The optimizer uses estimated statistics about key distributions to choose the indexes for an execution plan, based on the relative selectivity of the index. Operations such as ANALYZE TABLE
cause InnoDB
to sample random pages from each index on a table to estimate the cardinality of the index. This sampling technique is known as a random dive.
The innodb_stats_persistent_sample_pages
controls the number of sampled pages. You can adjust the setting at runtime to manage the quality of statistics estimates used by the optimizer. The default value is 20. Consider modifying the setting when encountering the following issues:
Statistics are not accurate enough and the optimizer chooses suboptimal plans, as shown in EXPLAIN
output.

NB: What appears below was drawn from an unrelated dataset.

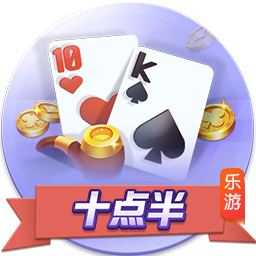 [流言板]广东新赛季前四轮仅1胜3负 创造队史最差开局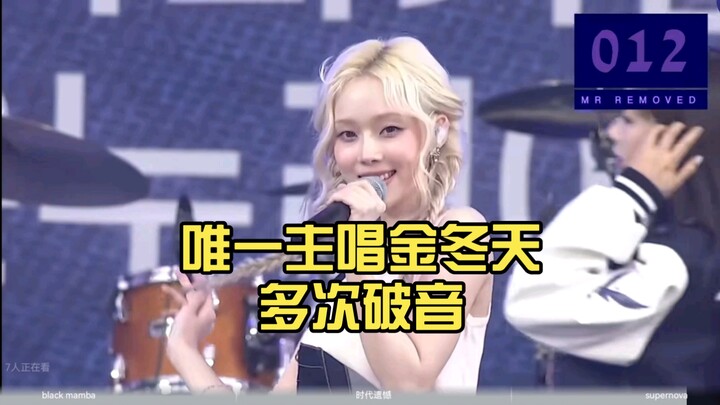 $750 Gold Winter keeps distorting mid-song—lip-syncing exposed! Here’s the real reason behind it…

You can check the accuracy of statistics by comparing the actual cardinality of an index (determined by running SELECT DISTINCT
on the index columns) with the estimates in the mysql.innodb_index_stats
table.
If it is determined that statistics are not accurate enough, the value of innodb_stats_persistent_sample_pages
should be increased until the statistics estimates are sufficiently accurate. Increasing innodb_stats_persistent_sample_pages
too much, however, could cause ANALYZE TABLE
to run slowly.
ANALYZE TABLE
is too slow. In this case innodb_stats_persistent_sample_pages
should be decreased until ANALYZE TABLE
execution time is acceptable. Decreasing the value too much, however, could lead to the first problem of inaccurate statistics and suboptimal query execution plans.
If a balance cannot be achieved between accurate statistics and ANALYZE TABLE
execution time, consider decreasing the number of indexed columns in the table or limiting the number of partitions to reduce ANALYZE TABLE
complexity. The number of columns in the table's primary key is also important to consider, as primary key columns are appended to each nonunique index.
For related information, see Section 15.8.10.3, “Estimating ANALYZE TABLE Complexity for InnoDB Tables”.